However, when the existence of a causal relationship is required for a certain administrative disposition, in a lawsuit seeking revocation of the rejection of the disposition, the degree of proof on the causal relationship to be given by the person whose application was rejected should not be different from that in any other civil suit, as long as there has been no specific condition set beforehand.
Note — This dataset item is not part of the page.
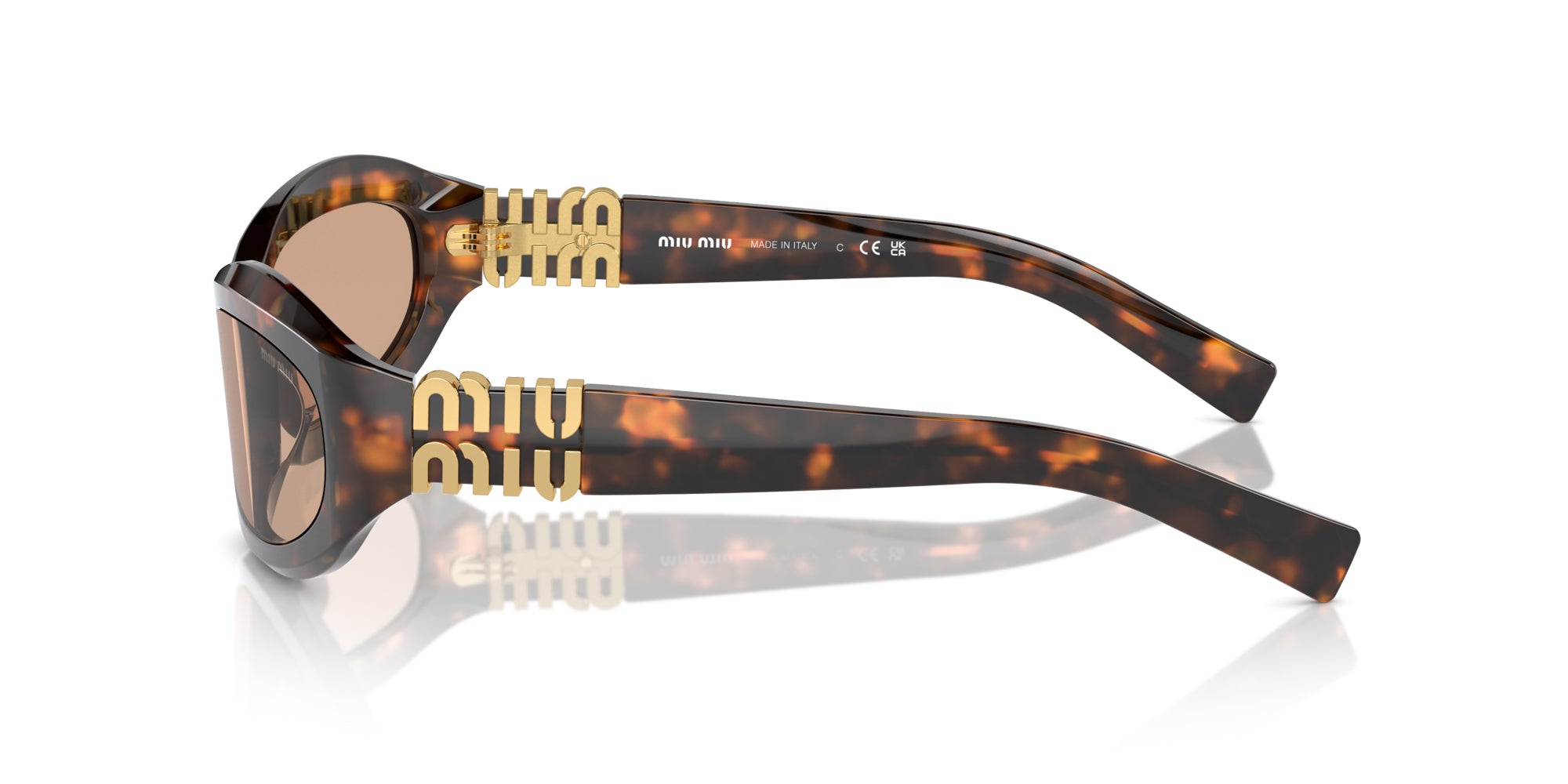 Miu Miu SMU14Z Square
And the proof of causal relationship in a suit should be to demonstrate a high degree of probability that can confirm the relation in which a specific fact has brought about a specific result, through a comprehensive examination of all the evidence in light of empirical rule, if not through natural science allowing absolutely no doubts. The disposition on the proof should be understood as requiring the certainty of the truth to the degree where ordinary persons do not raise any doubts about it. Therefore, with regard to the causability of radiation, one of the requirements for certification set in Item 1 of Article 8 of the Law, proving the "considerable degree of probability" on the facts requiring proof cannot be judged as being sufficient. And it is needless to say that, in proving the influence of the bomb radiation on the healing ability of a person who is in need of medical treatment to his/her injury or illness not caused by the radiation, the fact that the person is affected by the above "influence" with high degree of probability must be proved. It follows that, if the original court had made a contradictory decision from the above principle based on the purpose of existing laws regarding the degree of proof on the causal relationship, which should have been dealt with as an issue of the law on civil suits, it cannot but be considered as making a wrong interpretation of the Law and the Code of Civil Procedure.
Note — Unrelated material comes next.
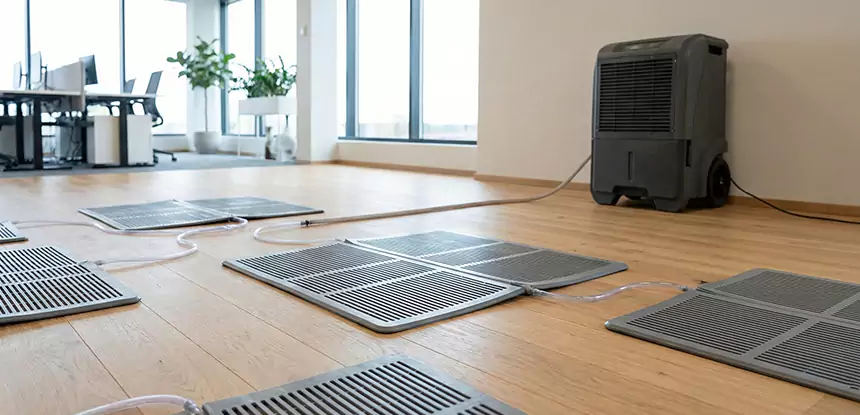 Professional Commercial Water Damage Cleanup Services in Stone Mountain, GA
However, there are cases in which existing laws provide that the facts to be proven do not require strict existence of causal relationship. For example, Item 1 of Article 5 of the Law Concerning Special Measures for the A-Bomb Victims (Law No. 53 of 1968, hereinafter referred to as "Special Measures Law"; annulled by the enactment of the Law 117 of 1994), which was examined by the original court in the process of reaching the above ruling, provides as a requirement for eligibility of the health management allowance that disorder in hematopoietic function or others suffered by the Hibakusha "is not clearly established as not having been caused by the effects of the A-bomb radiation". So, this provision can be interpreted as having set as requirements "the inability of showing clear absence of causal relations" between the radiation and disorder in hematopoietic function or others, instead of proving the relationship. The above ruling of the original court may lead to the understanding that the requirement on the causality of radiation as provided for in Item 1 of Article 8 of the Law, which is an associated law of the Special Measures Law, should be interpreted in a similar manner. However, the Special Measures Law clearly sets separate requirements for the granting of each specific allowance. In contrast to the explicit provision in Item 1 of Article 5 of the law concerning the Health Management Allowance that requires only weak causal relationship as stated above, there should be no other interpretation for the provision in Article 2 of the law regarding the payment of the Special Medical Allowance than that the presence of ordinary causal relationship, not a weak one, is required. And, compared with these provisions in the Special Measures Law, Item 1 of Article 7 of the Law should be interpreted as setting the requirement of proving a general causal relationship between the radiation and a given injury, illness or healing ability. This should not change even if there lies consideration for the victims at the bottom of the Law or the Special Measures Law, which is similar to State compensation. Therefore, the above judgement of the original court should be regarded as a wrong interpretation of the law, even if it involves the requirements of substance.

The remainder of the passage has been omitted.